> [WORK TO BE COMPLETED]:
Write out, without any change, the lines in the material below that run from the line with "Dacia Sandero Stepway" through the line with "Traditioneller japanischer Futon", both included.

::: SUPPLIED MATERIAL :::

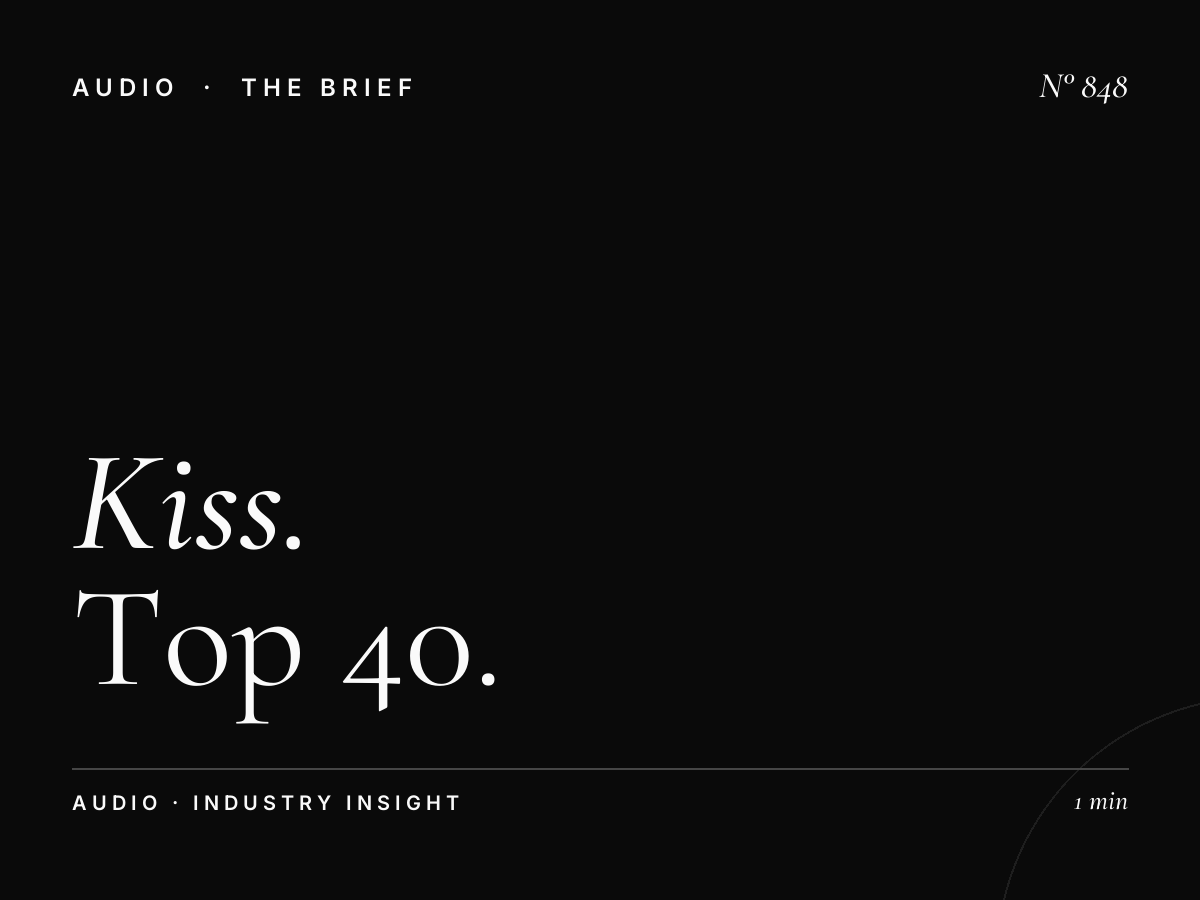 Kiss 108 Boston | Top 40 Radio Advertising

:::
::: SUPPLIED MATERIAL :::

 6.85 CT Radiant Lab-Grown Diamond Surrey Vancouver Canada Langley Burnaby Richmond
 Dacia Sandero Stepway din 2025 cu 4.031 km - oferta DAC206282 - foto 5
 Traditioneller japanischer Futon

:::
::: SUPPLIED MATERIAL :::

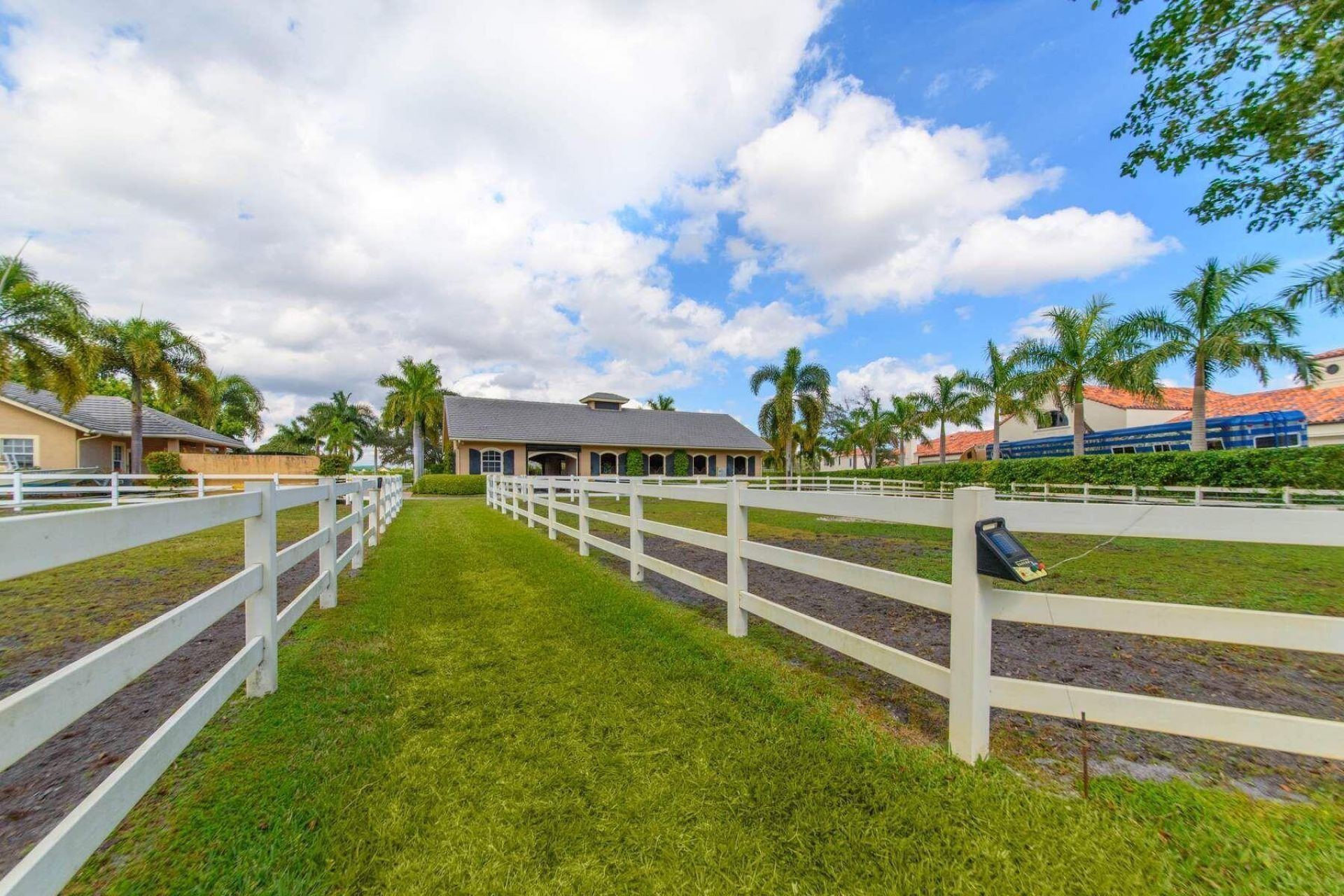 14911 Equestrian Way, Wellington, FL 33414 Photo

:::

> [RESPONSE]:
 Dacia Sandero Stepway din 2025 cu 4.031 km - oferta DAC206282 - foto 5
 Traditioneller japanischer Futon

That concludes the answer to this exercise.